MP: Last but not the least, is RA 11235 unconstitutional? Given that it has provisions such as very hefty fines of up to PhP100,000 and jail time as penalties for even the simple detachment of a plate number, as well as making it unlawful for motorcycles without provisions for a number plate to be registered and it affects all motorcycles old and new?
Atty Yusi: Over the law is not unconstitutional per se. It has a laudable purpose, that is, to prevent motorcycles to be used in the commission of crimes as we see in media. It is the way it is to be implemented through questionable selected provisions, especially that part of confiscation is unconstitutional since it is not even the fruit nor a tool in the commission of a crime as when it was stolen, carnapped, or used in so-called "riding in tandem" crimes involving assassinations and robbery. Simply ridiculous to confiscate for not installing the proper plate required by that law. It violates the due process to property rights. Confiscation and its penalties of fine or imprisonment are cruel and unjust, which also violates the constitution. It does not match the supposed offense committed of not installing the proper plate.

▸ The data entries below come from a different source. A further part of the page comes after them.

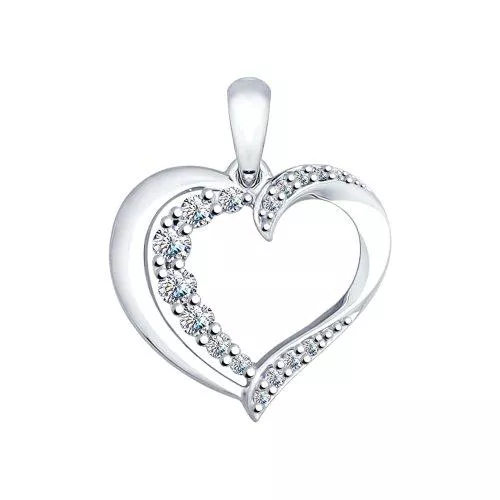 Подвеска из серебра с фианитами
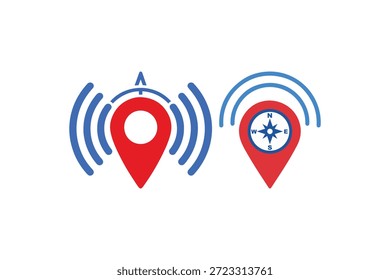 Navegação por GPS e ícones de pin de rastreamento de localização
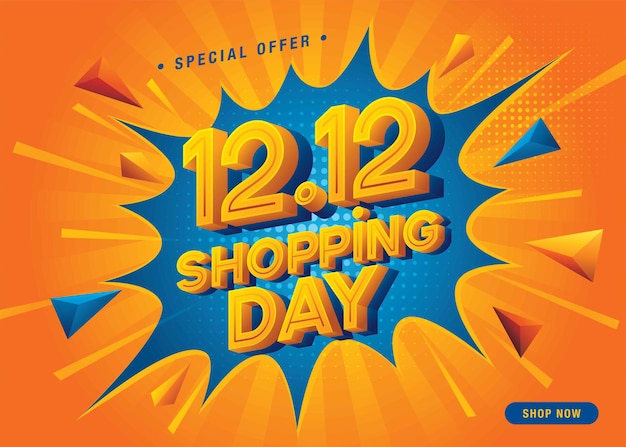 1212 Modelo de banner de venda no dia de compras com desconto de oferta especial Fundo abstrato Triangle Splash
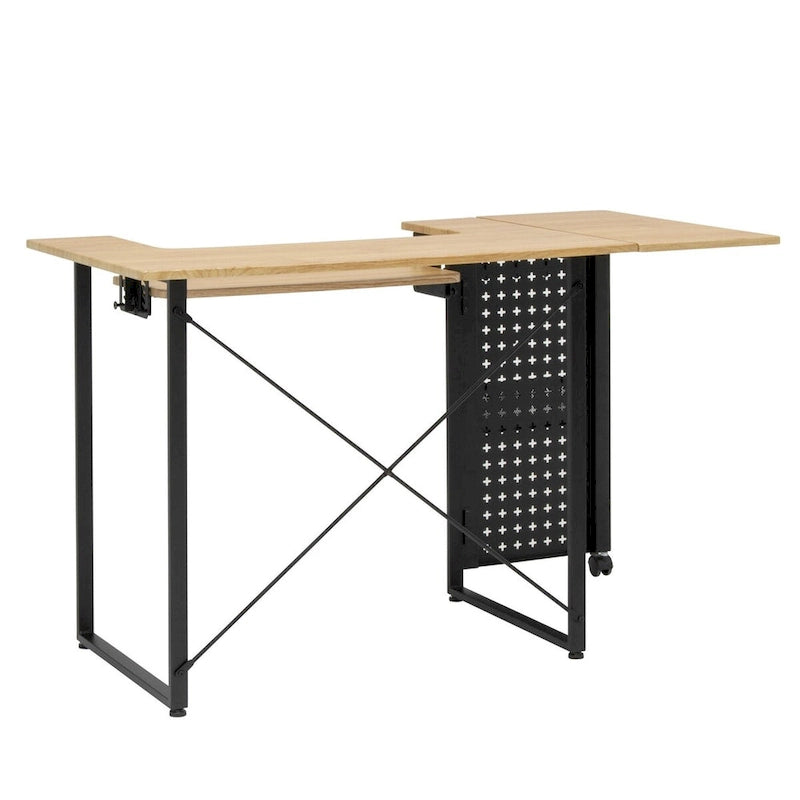 Table de couture pivotante avec panneau de rangement et plateforme réglable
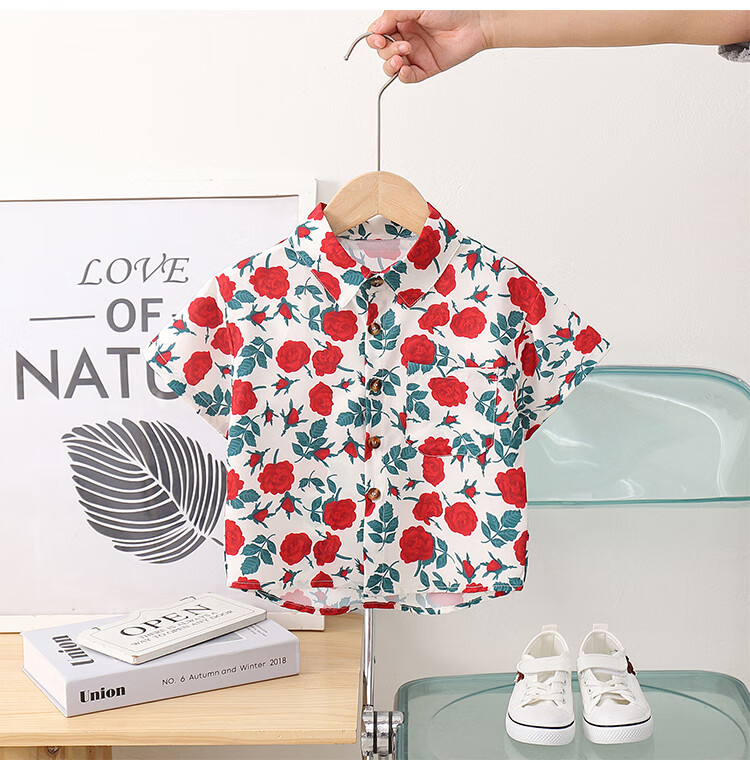 LUOBOBEIBEI Children's Shirt Summer Short-Sleeve Shirt Cool Boy Casual Dress Pants Set, Shirt Two-Piece Set, Size 140 8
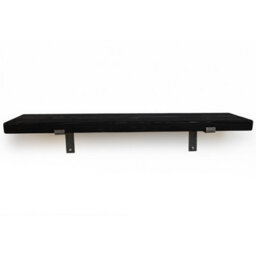 Toolty Rustic Handmade Wall Shelf, Wall Mounted, 160Cm X 22.5Cm Down Design, Black Ash, Handcrafted Vintage Style - thumbnail 3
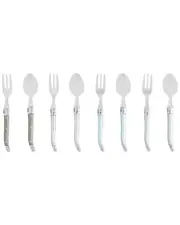 French Home Laguiole Mother of Pearl Dessert Spoons and Forks (Set of 8)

It violates the following constitutional principles. Under the Equal Protection Clause, motorcycles are part of the daily lives of most motorcycle riders, may it be for daily commute, work or simply for recreational purposes. By tagging all motorcycles and its riders as possible criminals is unjust. The people are equally protected under our constitution. There is also no provision for a front mounted number plates for street bikes, which should be visible in as far as 15 meters as defined in the law. The same is true with street legal enduro or dual sport bikes and sport bikes. In these cases, it is a huge plate, a piece of metal that will be hazardous and dangerous and will not serve the purpose of the law. As I said above, the punishment for noncompliance with simple plate size and make is cruel and unusual. LTO does not even have regular plates nor stickers available. And yes, it is a violation of the constitutional prohibition on passing ex post facto laws because it makes an act criminal when not a crime at the time of commission.
Based on Atty. Yusi's opinion, it doesn't look very good for motorcycle riders, considering the hefty requirements and painful penalties provided by the law. Looking at the bright side of things, the motorcycle community has never been so united against a law. We can only hope our lawmakers listen to reason and prepare an ammendment for the law.